Group 3: Productivity Tools

As we move toward the top of the mobile stack, programs begin to veer away from the strictly functional (acquisition, distribution, and security) and focus more on services designed to improve productivity and competitiveness. These tools enable users to do more with their mobile tools than just call, text, and check email.

• Cloud Service and Storage: This is particularly important for companies that develop their own apps: Cloud service allows company data to be stored and accessed from anywhere there is a mobile service connection or Wi-Fi. In other words, it’s the mobility behind your data. Companies can also opt for ready-made or customizable apps that already use the cloud, such as Dropbox and Salesforce programs.

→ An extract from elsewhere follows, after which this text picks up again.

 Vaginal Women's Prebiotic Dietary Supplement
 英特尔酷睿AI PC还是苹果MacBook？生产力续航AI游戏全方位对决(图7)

• Custom App Development: Businesses today are racing to transpose the programs they use every day into mobile applications — allowing employees to truly unlock the potential of mobile computing, and fundamentally re-shape how, where, and when work gets done. Mobile application management tools help companies develop and test those apps, then deliver them to employees through either a privately constructed virtual app store or over the major vendors’ own marketplaces (like Apple iTunes and Google Play).

• Application Management: Customized app management services not only help build, deliver and update these programs, but also provide a glimpse into how users are interacting with them. They provide reporting usage rates, performance analytics and more.

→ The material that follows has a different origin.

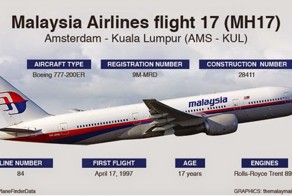 Анализ катастрофы рейса MH17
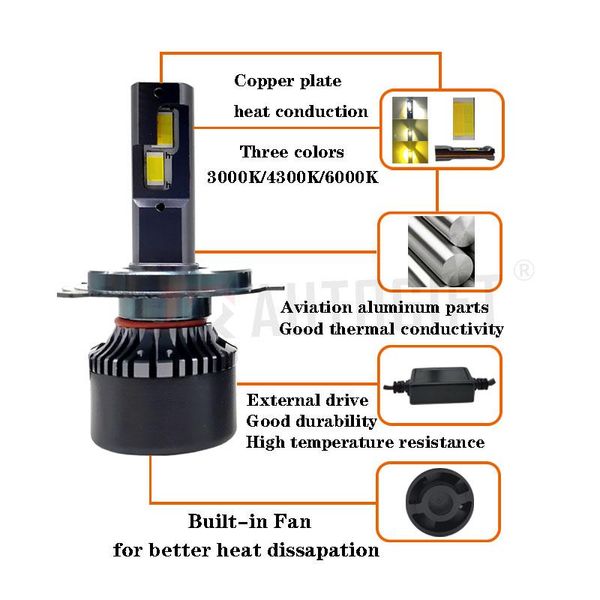 car headlights 1set factory tricolors hi/lo beam led headlight three colors 3000k 4300k 6000k h1 h3 h11 h4 h7 880 9005 9006 auto fog lamps
car headlights 1set factory tricolors hi/lo beam led headlight three colors 3000k 4300k 6000k h1 h3 h11 h4 h7 880 9005 9006 auto fog lamps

Group 4: Strategy and Optimization

Finally, at the top of the stack we move away from the vital programs that make mobile programs go, and focus on more efficiency and strategy — analyzing and optimizing the entire mobile program to get the most out of it. The key is to utilize business intelligence to adjust those plans to ensure that they fit users’ needs and habits, and to use historical data to plan for changes or growth. Essentially, Phase 4 ensures that employees are deployed with an optimized portfolio of devices, the plans and options that go with them, and the apps that enable them to be productive.

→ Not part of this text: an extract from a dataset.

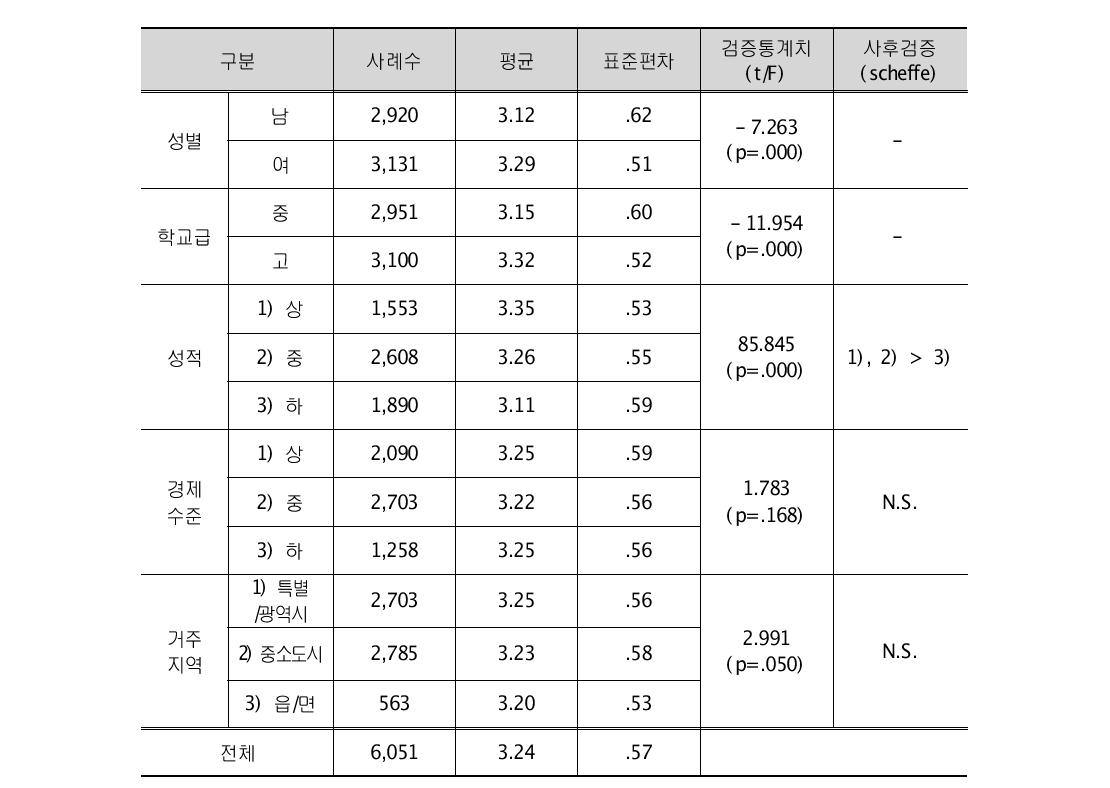 정치인의 도덕성에 대한 태도 척도점수 비교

• Visibility Platform: The key to tapping into the valuable data generated by hundreds or thousands of workers using mobile devices lies in having unfettered visibility. By being able to see — whether from a 30,000-foot view, or a granular, individual level — exactly how employees are interacting with these devices, mobile managers can not only extract valuable information about what processes can and should be “mobilized” immediately, but can also make real-time adjustments to the program that best fit users’ actual behavior. A tight fit eliminates wasted expenditure (unused minutes or data, overages, roaming charges) and puts users in the best position to get work done.

Todays’ enterprise mobile market resembles an alphabet soup of competing tools, all promising to deliver what your company needs to effectively manage mobility. Instead of thinking about these tools as being “better than” one another, organizations need to think about how they can work together. This is the new mobile stack.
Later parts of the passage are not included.